(The input begins)
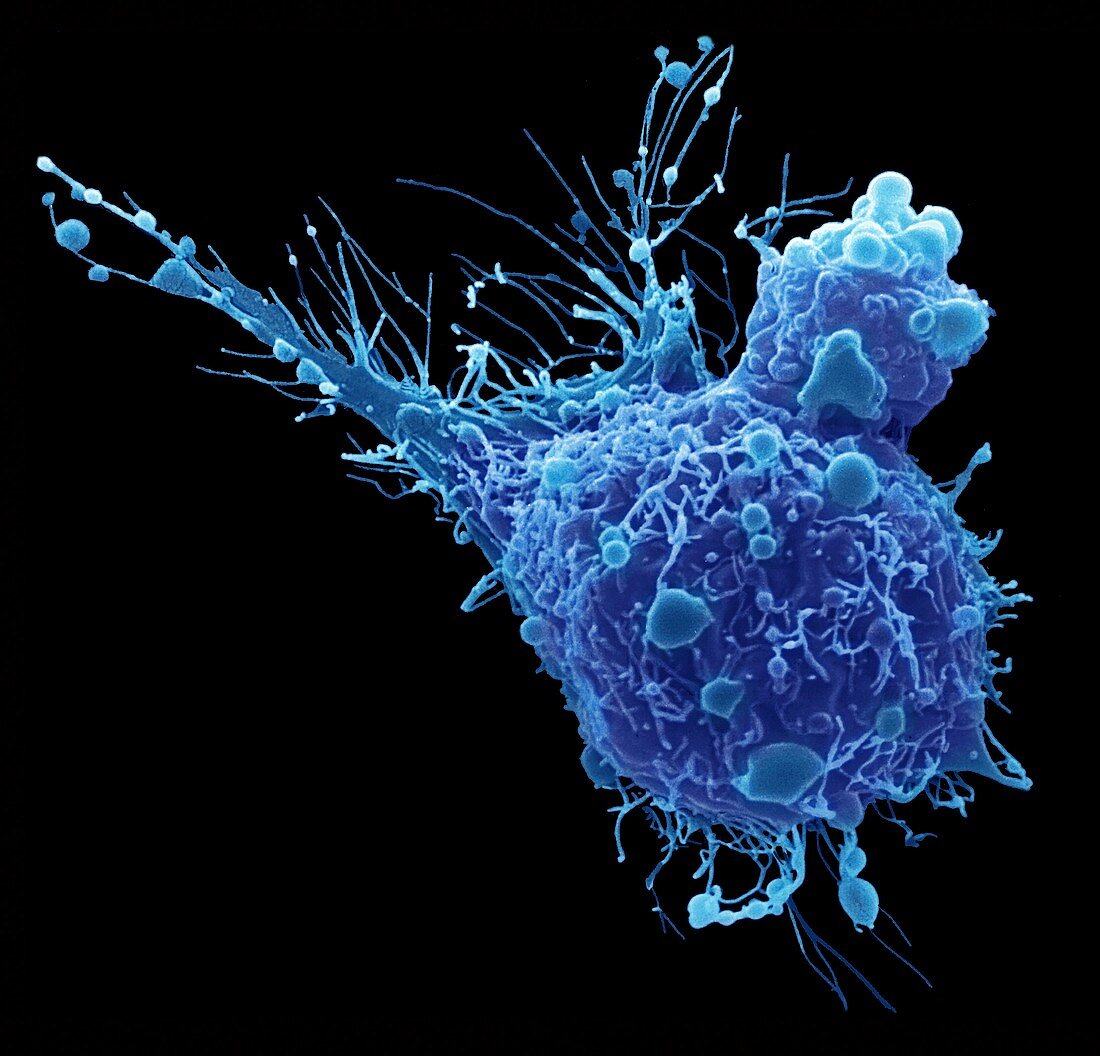 Bladder cancer cell, SEM
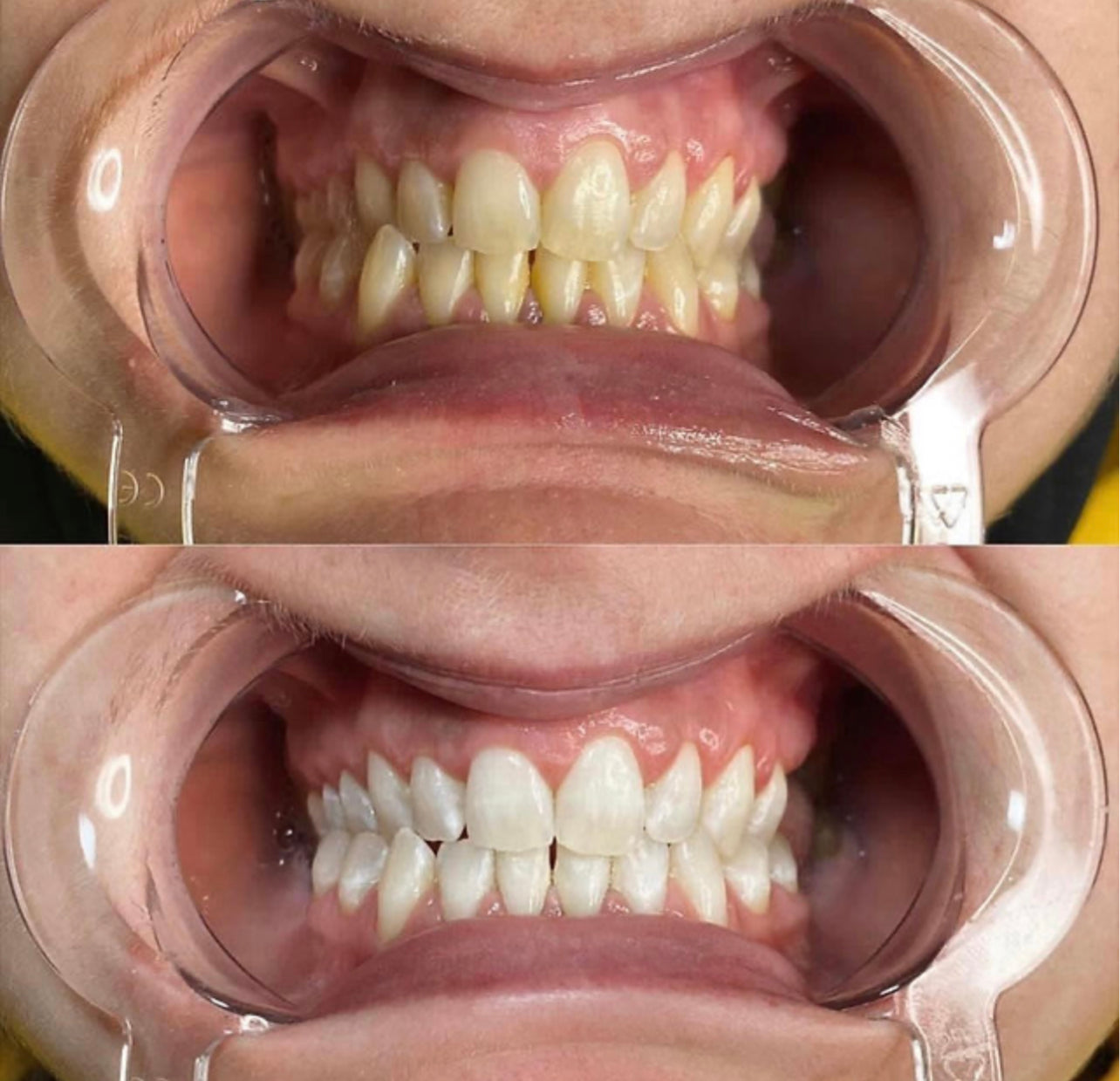 Online Teeth Whitening Training - snatchmebykaoir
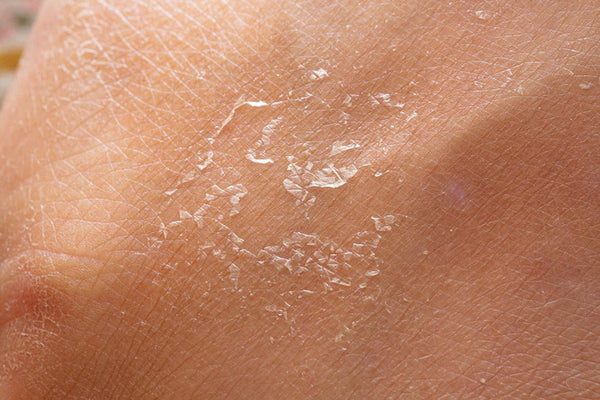 Dryness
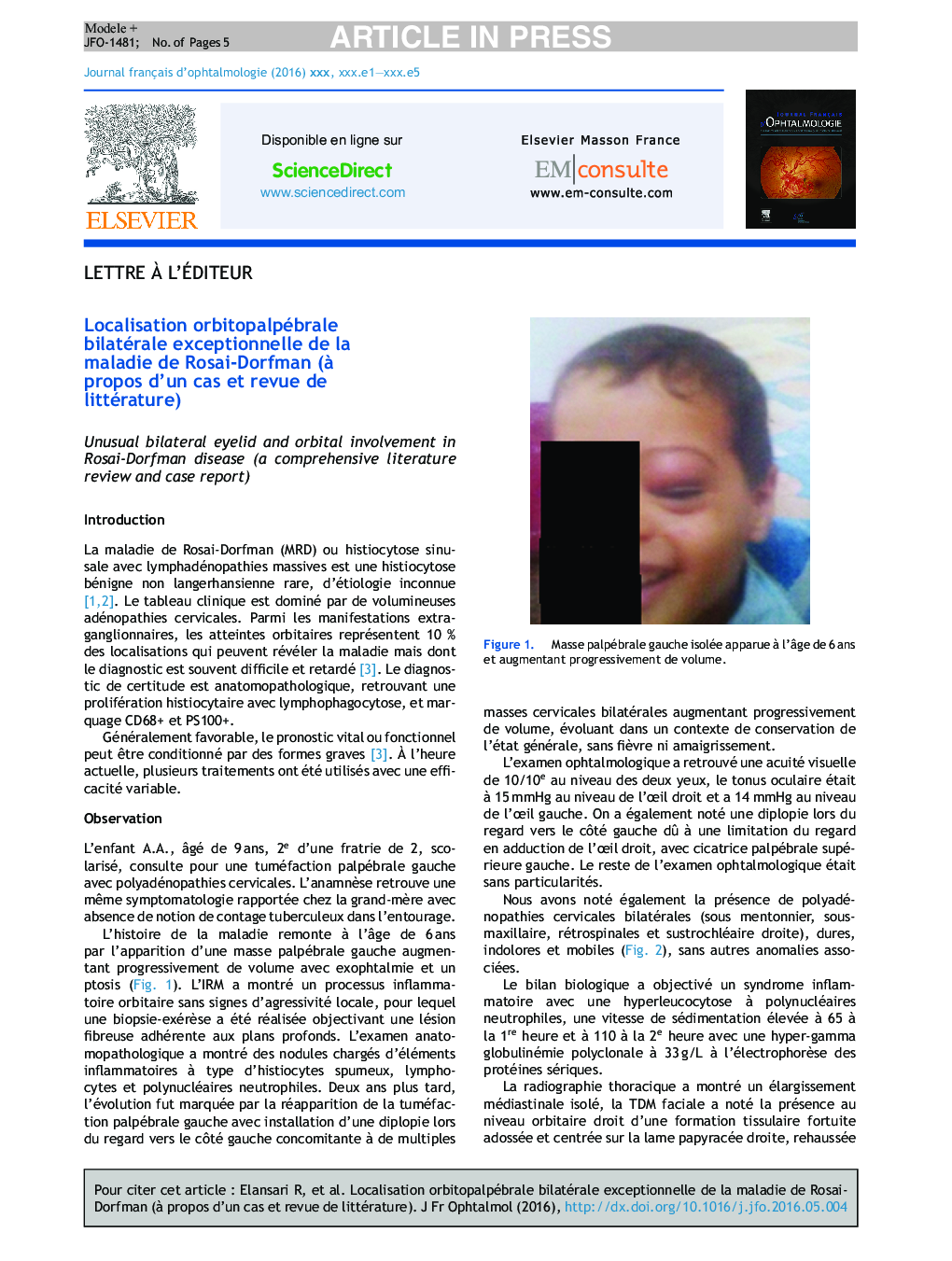 عکس صفحه اول مقاله: Localisation orbitopalpébrale bilatérale exceptionnelle de la maladie de Rosai-Dorfman (Ã propos d'un cas et revue de littérature) Localisation orbitopalpébrale bilatérale exceptionnelle de la maladie de Rosai-Dorfman (Ã propos d'un cas et revue de littérature)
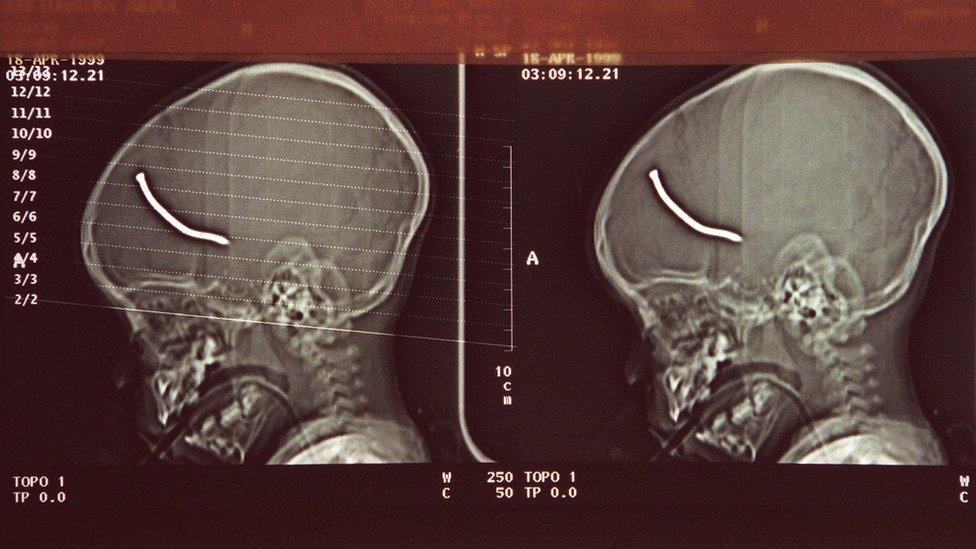 X-ray of boy's injuries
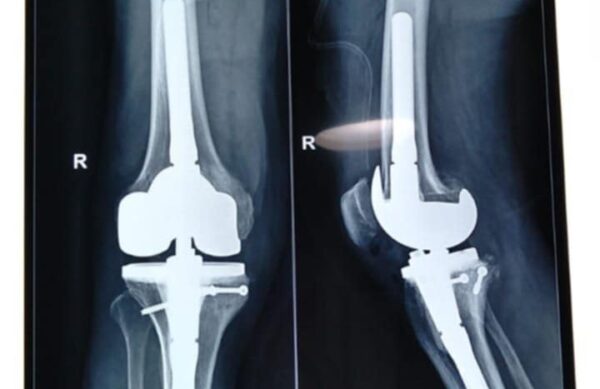 fracture treatment in kolkata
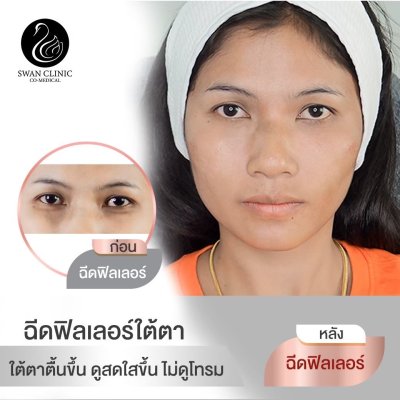 ฟิลเลอร์ใต้ตา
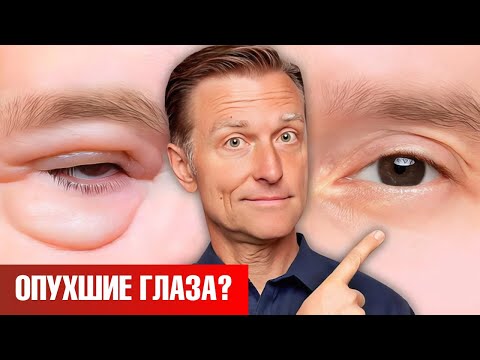 Видео: Как убрать мешки под глазами НАВСЕГДА? 🧐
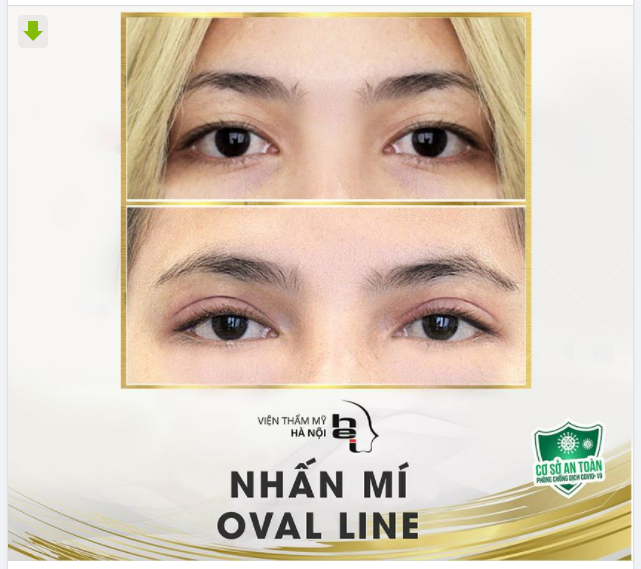 ẢNH THẬT - KẾT QUẢ THẬT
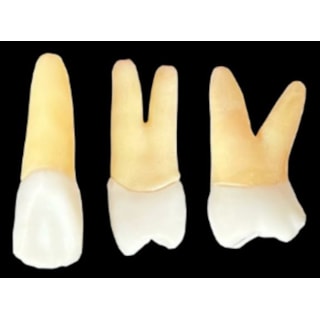 Kit de Dentes para Endo (Dente: 21, 24 e 26) Polpados Radiopacos - Orais Kit de Dentes para Endo (Dente: 21, 24 e 26) Polpados Radiopacos - Orais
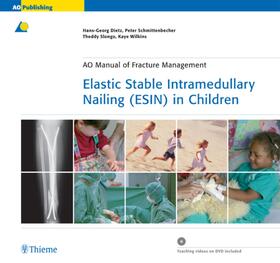 Dietz / Schmittenbecher / Slongo | Elastic Stable Intramedullary Nailing (ESIN) in Children | E-Book | sack.de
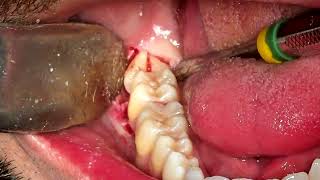 horizontal wisdom tooth extraction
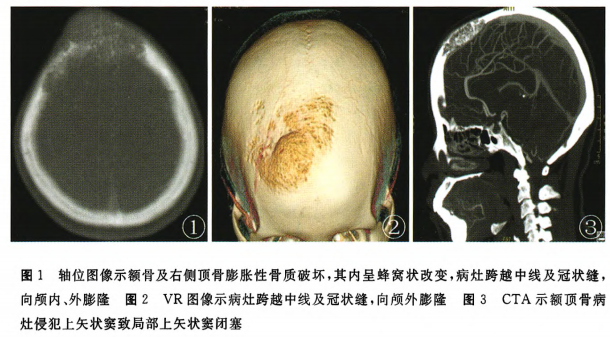 头颅ct平扫示:额骨及右侧顶骨膨胀性骨质破坏,ct值约57～651hu,其内呈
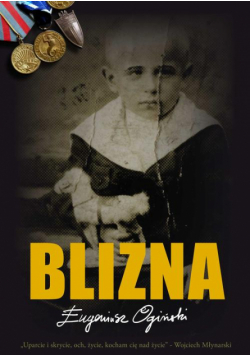 Blizna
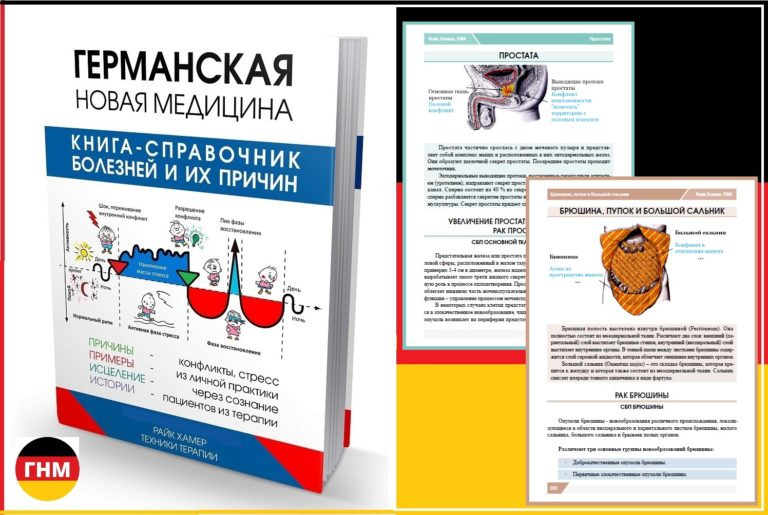 Рак простаты у мужчин симптомы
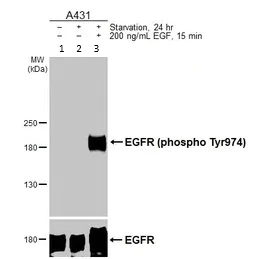 Western blot - Anti-EGFR (phospho Y974) antibody (AB227023)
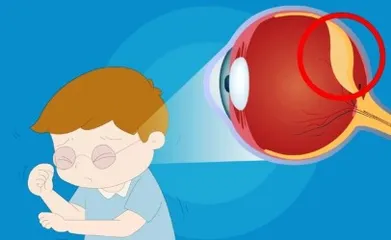 突然视物模糊，警惕视网膜脱落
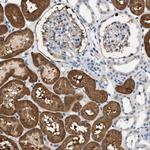 SLC35E1 Antibody in Immunohistochemistry (Paraffin) (IHC (P))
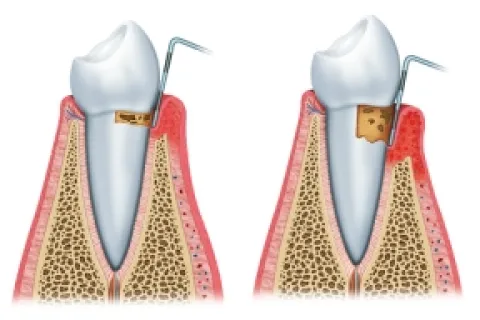 UNDERSTANDING THE STAGES OF GUM DISEASE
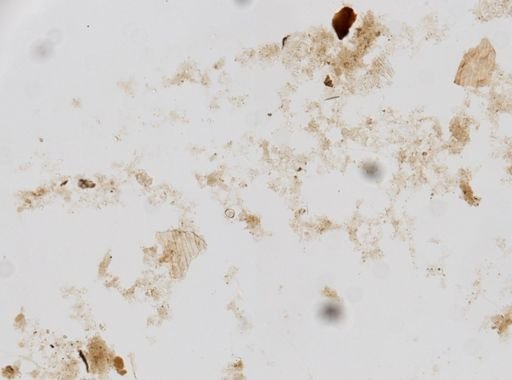 Trichuris trichiura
(The input ends)
### Goal of the exercise
With pictures omitted, repeat the entries above word for word from the line holding "- Orais Kit" down to the line holding "突然视物模糊，警惕视网膜脱落", keeping both of those lines.

### Reply
 Kit de Dentes para Endo (Dente: 21, 24 e 26) Polpados Radiopacos - Orais Kit de Dentes para Endo (Dente: 21, 24 e 26) Polpados Radiopacos - Orais
 Dietz / Schmittenbecher / Slongo | Elastic Stable Intramedullary Nailing (ESIN) in Children | E-Book | sack.de
 horizontal wisdom tooth extraction
 头颅ct平扫示:额骨及右侧顶骨膨胀性骨质破坏,ct值约57～651hu,其内呈
 Blizna
 Рак простаты у мужчин симптомы
 Western blot - Anti-EGFR (phospho Y974) antibody (AB227023)
 突然视物模糊，警惕视网膜脱落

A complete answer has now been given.